D - more or less power than C++?
Johan Granberg
lijat.meREM at OVEgmail.com
Sat Mar 4 07:06:09 PST 2006
Derek Parnell wrote:
>> 2. as far as I know no way of inporting somthing in a parent directory
>> (as C++ #include "../myheader.hpp")
>
> You can, only its not coded in the source file. Instead you do this via
> the compiler's "-I" switch.
>
Yes it can bee worked around but it's frustrating to have to add a lot
of -I by hand to the compiler.

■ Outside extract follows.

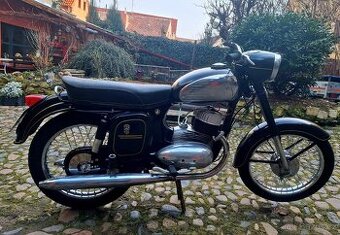 Jawa 350/361 sport s TP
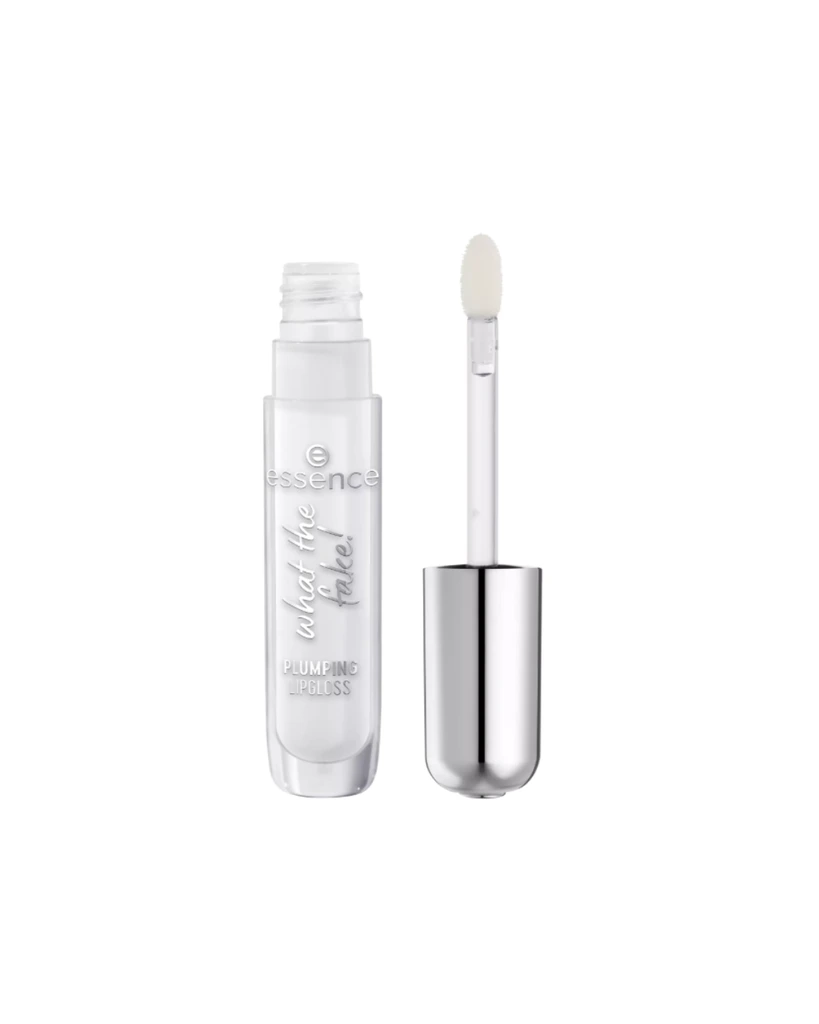 Essence What The Fake! Plumping Lipgloss (100)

It realy complicates keeping a simple
makefile.
An example.
foo/bar/ff.d
foo/gg.d
rr.d
gg.d imports ff.d with the command import bar.ff;
rr.d imports gg.d using import foo.d; but now you cant just compile rr.d
because the compiler does not find ff.d.
I realise that my orgina formulation was not so clear. actualy it is not
specificaly import from parent dir I want but import relative to the
source files dir instead of the dir where the compiler is invoked.
consider the diference of thees c++ includes
#include "foo.h" // includes relative to the sourcefiles dir and if that
fails in the current path
#include <foo.h> //includes from path
and D's import
import foo; // imports from the search path with the compiler flag -I. added
wath I want is somthing like the first c++ statement ie an include
relative to the sourcefiles location.